The value of 0 deserves special attention. Does it really mean 0, or is it maybe used as a replacement for missing data? Missing date values might be present in the data as January 1, 1900 or as January 1, 1970, so these dates are suspicious and might be an indication of missing values. Make sure that you know how missing values in your data are stored, and that you are able to identify them.

Missing data can also be “hidden”. Take for example a time series data with monthly values. If the data for August would be missing, the data could look like this:

Month	Value
January	123
February	126
March	145
April	136
May	111
June	98
July	128
August
September	154
October	167
November	183
December	186

In the table above, the value for August is not hidden, and explicitly missing. This method of storing missing data is preferred over “hiding” missing data, like in the table below:

Month	Value
January	123
February	126
March	145
April	136
May	111
June	98
July	128
September	154
October	167
November	183
December	186

You also need to know why values are missing. Was the data never collected for the records with missing values? Or maybe the data is a result of joining 2 tables together, when not all records were available in both tables? Or maybe the column with missing data is the result of a calculation that generated an error for some rows in the data?
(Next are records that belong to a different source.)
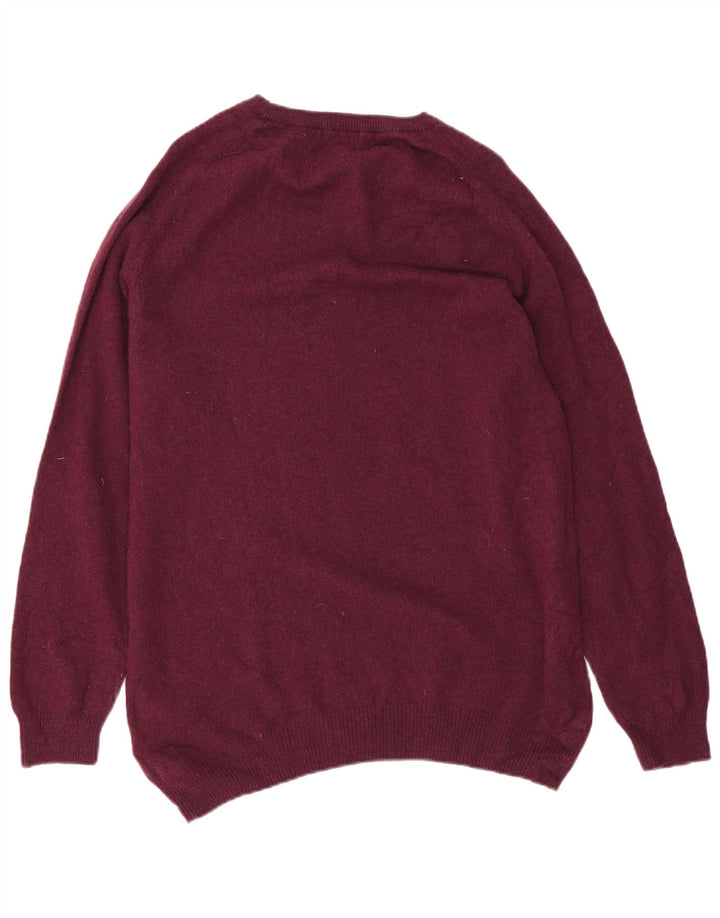 Marks & Spencer Mens Blue Harbour Crew Neck Jumper Sweater Large Burgundy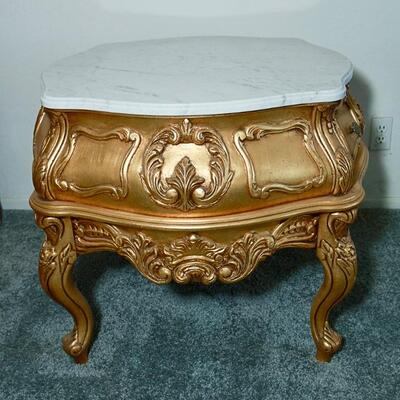 Pair of marble top end tables, art nouveau style Italian gilt and marble YD# 22-0002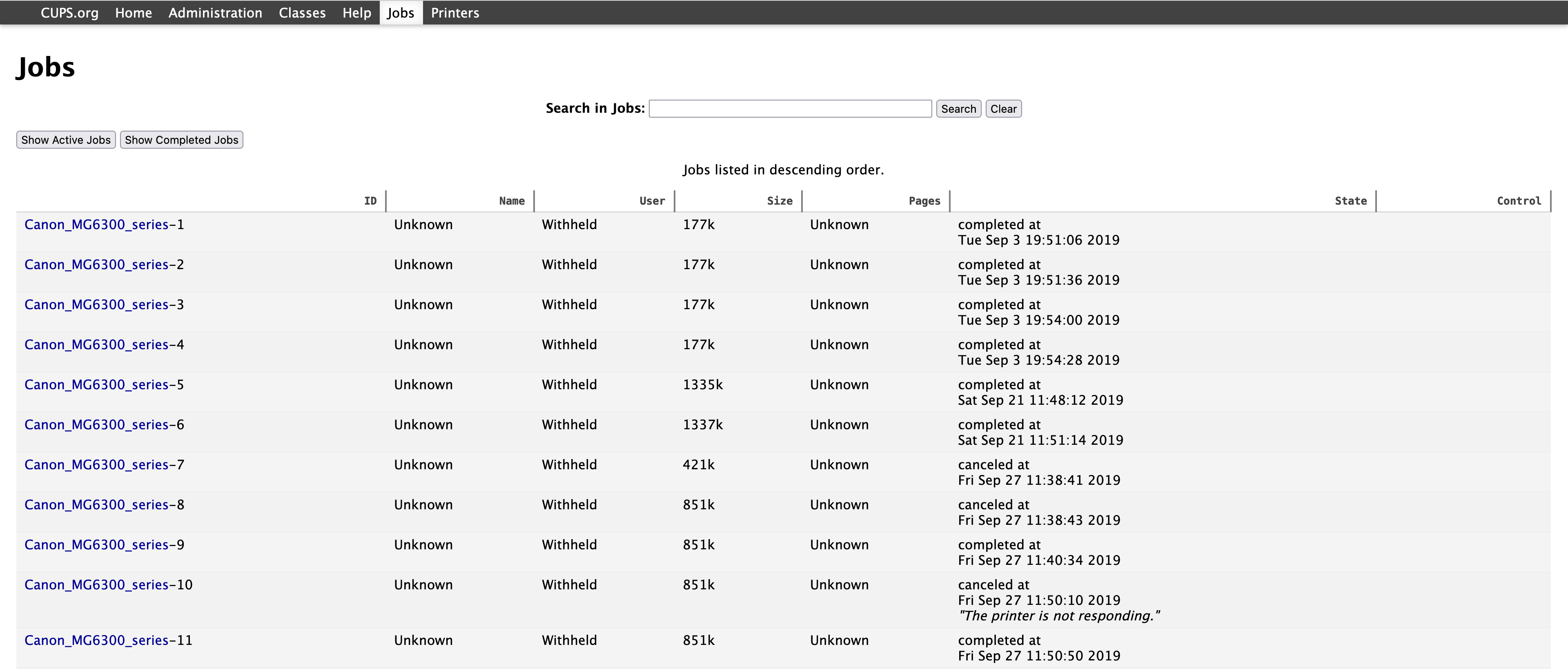 CUPS web interface showing all printed files, along with their names, times, and other information.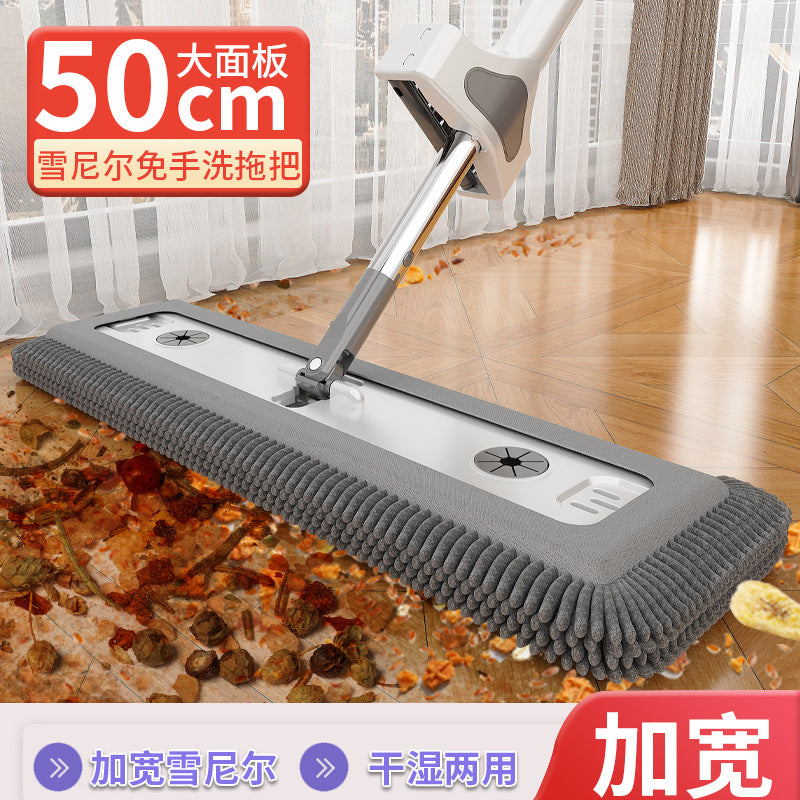 Chenille Hands-Free Flat Mop with Bucket for Wooden Floors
If you know why values are missing, you will have a better idea of how to handle them: should you filter them out, set them to 0 or some other value, or should you try to recover missing values from some additional data sources?

Duplicates, aggregates and totals

Duplicate rows in your data (rows containing the exact same values for all columns) are also suspicious. The same is true for a column containing unique id numbers that still occur more than once. So check that unique id’s are indeed unique, and when they are not or when you find duplicate rows in your data, you should investigate why this is the case before proceeding.